Thanks @latetotheparty and @zcostilla

This is exactly the issue I'm trying to reconcile!

Crutchfield, undoubtedly an audio specialist, claims it is ok to use a subwoofer with lower impedance (8ohms) with the ML system that originally has a ~12ohm subwoofer. It would appear that many have gone this route without issue.

However, fundamental audio engineering rules state that the sub needs to be at 12 ohms or greater (for the ML system) to not hurt other audio equipment such as the ML amp. As mentioned by @zcostilla and many others here.

Perhaps using an 8ohm sub would likely not hurt the system, but using a sub (or series of subs) with an impedance of 12ohms or greater would be the safest choice with just a marginal decrease in sound quality.

@latetotheparty your setup sounds interesting - are you using the stock ML head unit?
From what I understand, the ML amp is set up for 8ohms, at least to the sub. My only sources for this is my buddy that works for a toyota subsidiary and my own limited personal experience. I put in the JL 6W3v3-4, which is a 4ohm sub and 1. Sounds like garbage (distortion, weird response), 2. Is heating the hell out of the stock amp.

I measured continuity on the stock sub and it measured about 12-13 ohms. This is "free impedance" which usually runs lower than nominal (i think?). The full ML system therefore is either a ~12 ohm system or ~8ohms, with a 12ohm sub.
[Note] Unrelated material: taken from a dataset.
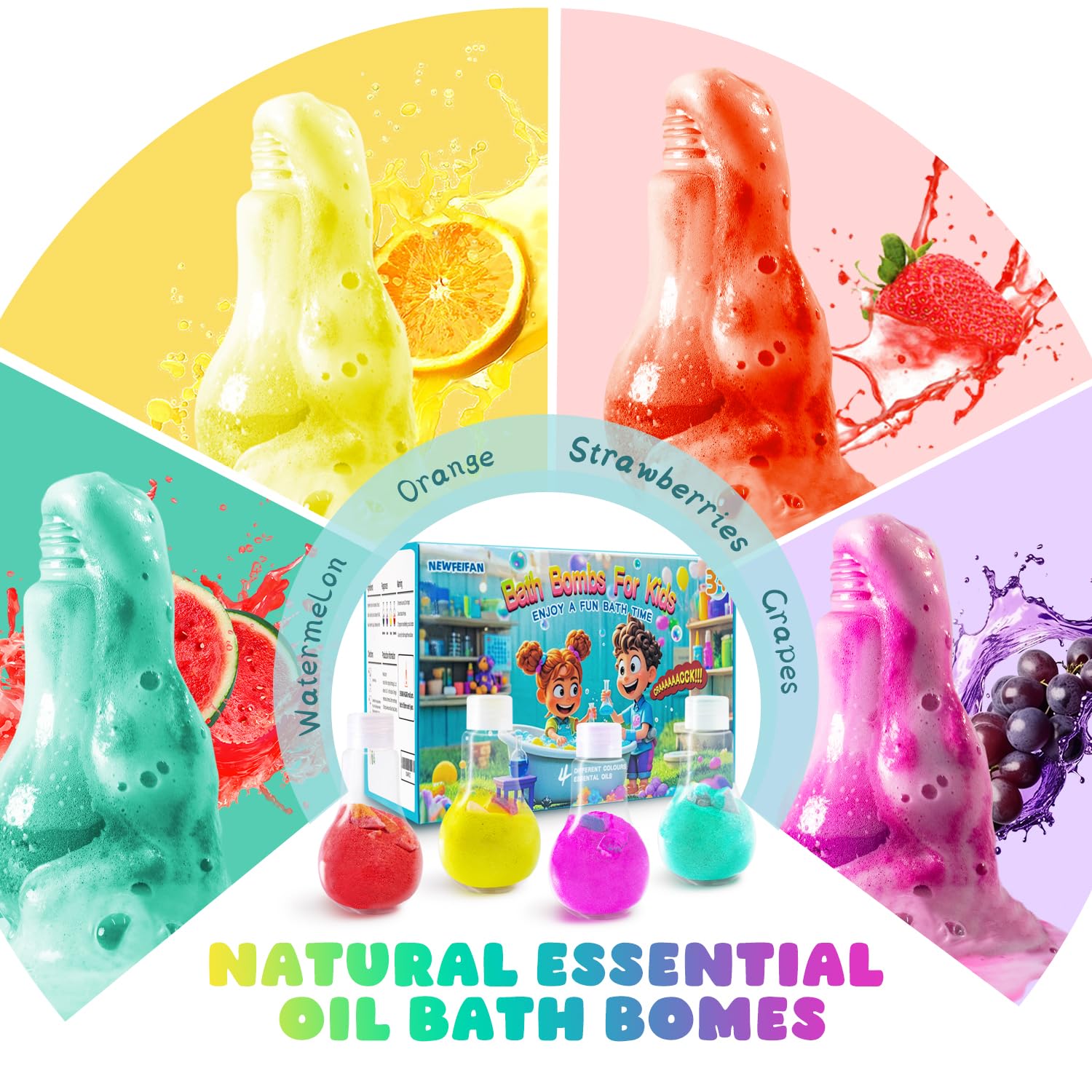 NEWFEIFAN Potions bath bombs fizz into bubbles with bright colors and science-like fun.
Current plan is to run two 8ohmx25W resistors in parallel, and then run that in series w the 6w3v3 sub.

I cant find any specs on the ML amp other than an LTC post about it either being 300W or 240W. No indication which, and no indication on Watts/channel. This would be nice to know so I could predict if Im about to burn up my resistors and sub.

Curious to know whether @Patassa and @arkmm are running the 4ohm JL, and how it sounds. The 6w3v3 used to come in an 8ohm version but has been discontinued (iirc).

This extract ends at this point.